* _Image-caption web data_
Segment Open

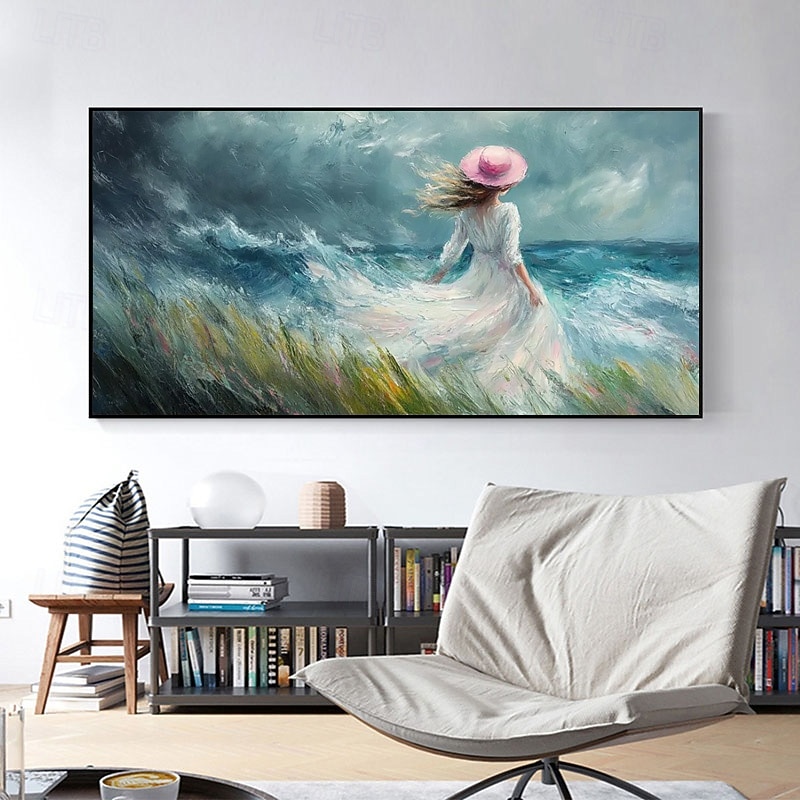 Handpaint Modern Abstract Canvas Painting Lady Wearing White By The Sea Art Beautiful Woman Portrait Paintings Home Decor For Living Room No Frame4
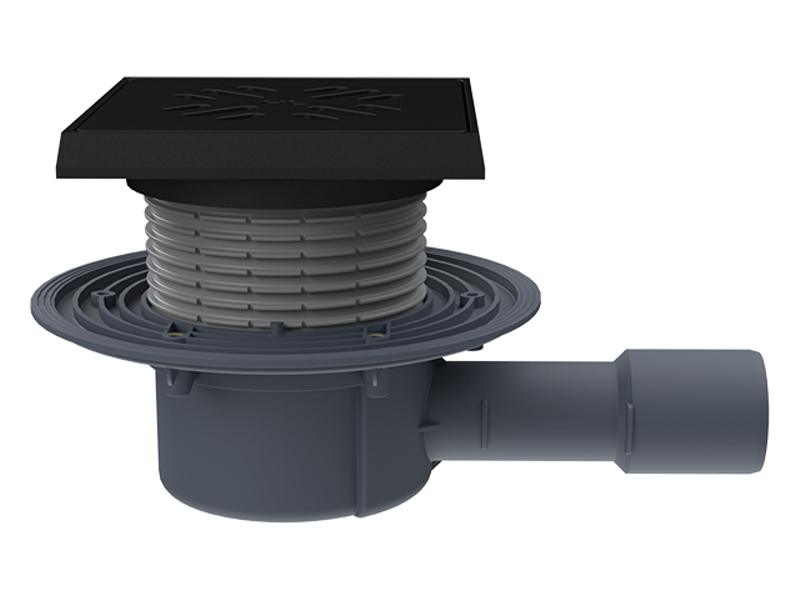 Podlahová vpust HL Hutterer & Lechner, DN40/50 s ležatým odtokem, s izolační přírubou, ZU Primus blue (suchý sifon), litina 150x150mm/litina 137x137mm, L15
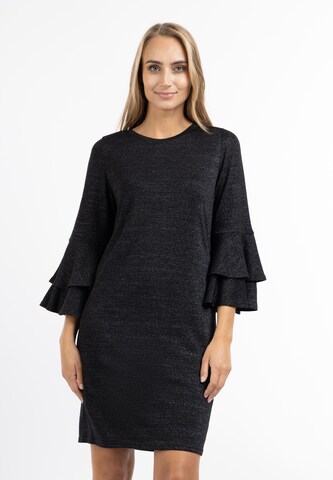 Robe Usha en noir : devant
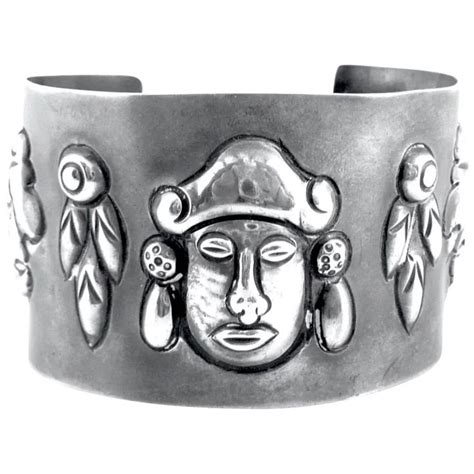 Big 1930s 40s Mexico Handmade Sterling Pre Columbian Inspired Native Masks Design Cuff Bracelet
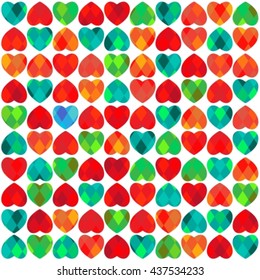 Abstract crystal seamless pattern with hearts on a white background.
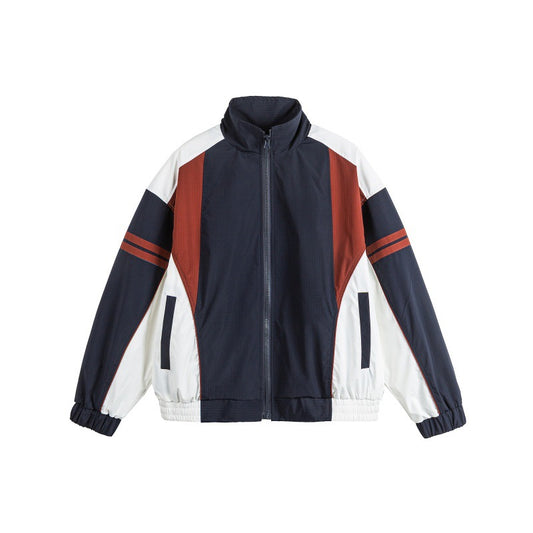 Retro Biker Color-Blocking Casual Sport Jacket
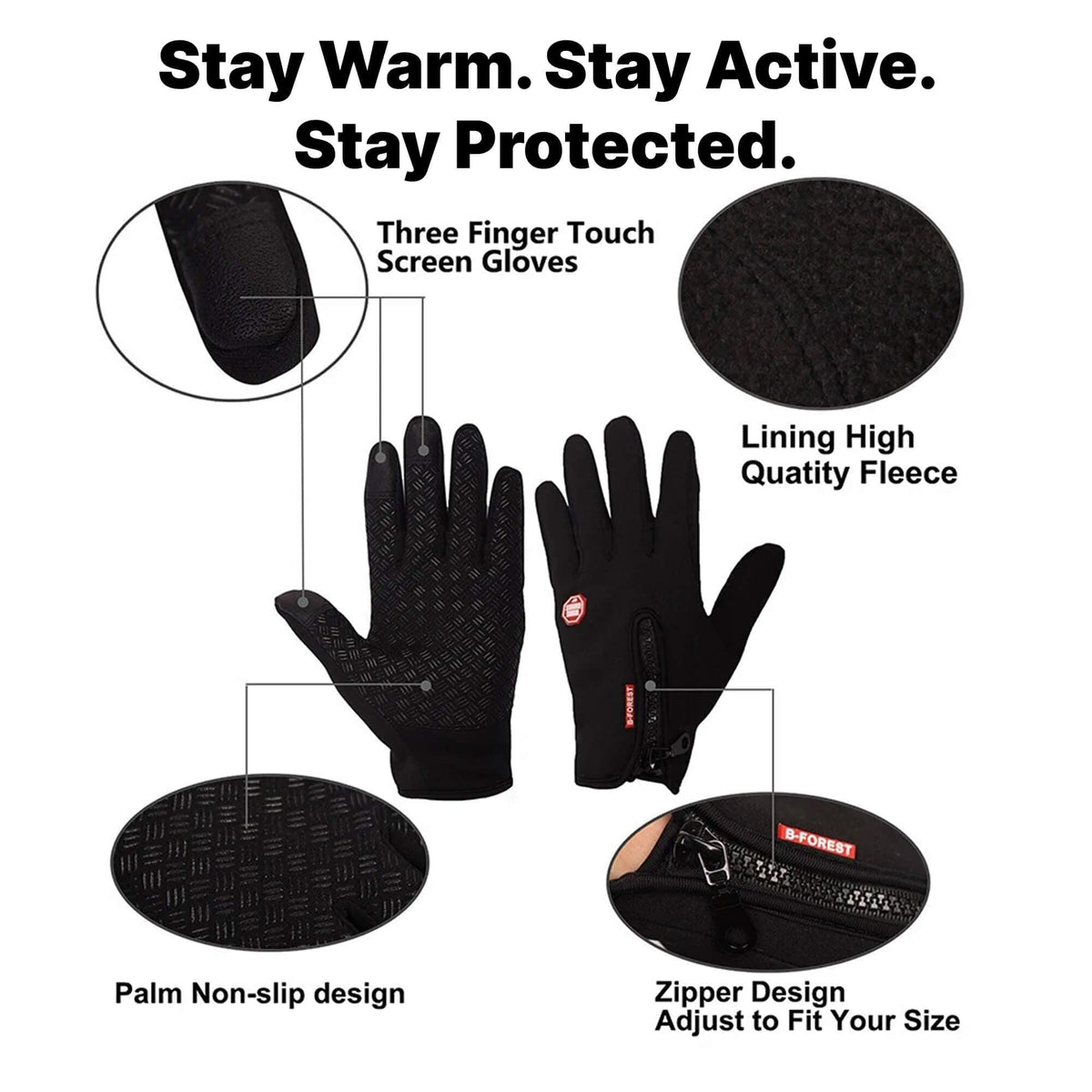 Waterdichte Winterfietshandschoenen Touchscreen Fleecevoering Winddicht Thermisch Warm Fietsen Zwart Grijs | Sulvida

Segment Closed

Beginning at the line that contains "Podlahová vpust HL" and ending at the last line of the data, return each line exactly; no picture belongs in the copy.

 Podlahová vpust HL Hutterer & Lechner, DN40/50 s ležatým odtokem, s izolační přírubou, ZU Primus blue (suchý sifon), litina 150x150mm/litina 137x137mm, L15
 Robe Usha en noir : devant
 Big 1930s 40s Mexico Handmade Sterling Pre Columbian Inspired Native Masks Design Cuff Bracelet
 Abstract crystal seamless pattern with hearts on a white background.
 Retro Biker Color-Blocking Casual Sport Jacket
 Waterdichte Winterfietshandschoenen Touchscreen Fleecevoering Winddicht Thermisch Warm Fietsen Zwart Grijs | Sulvida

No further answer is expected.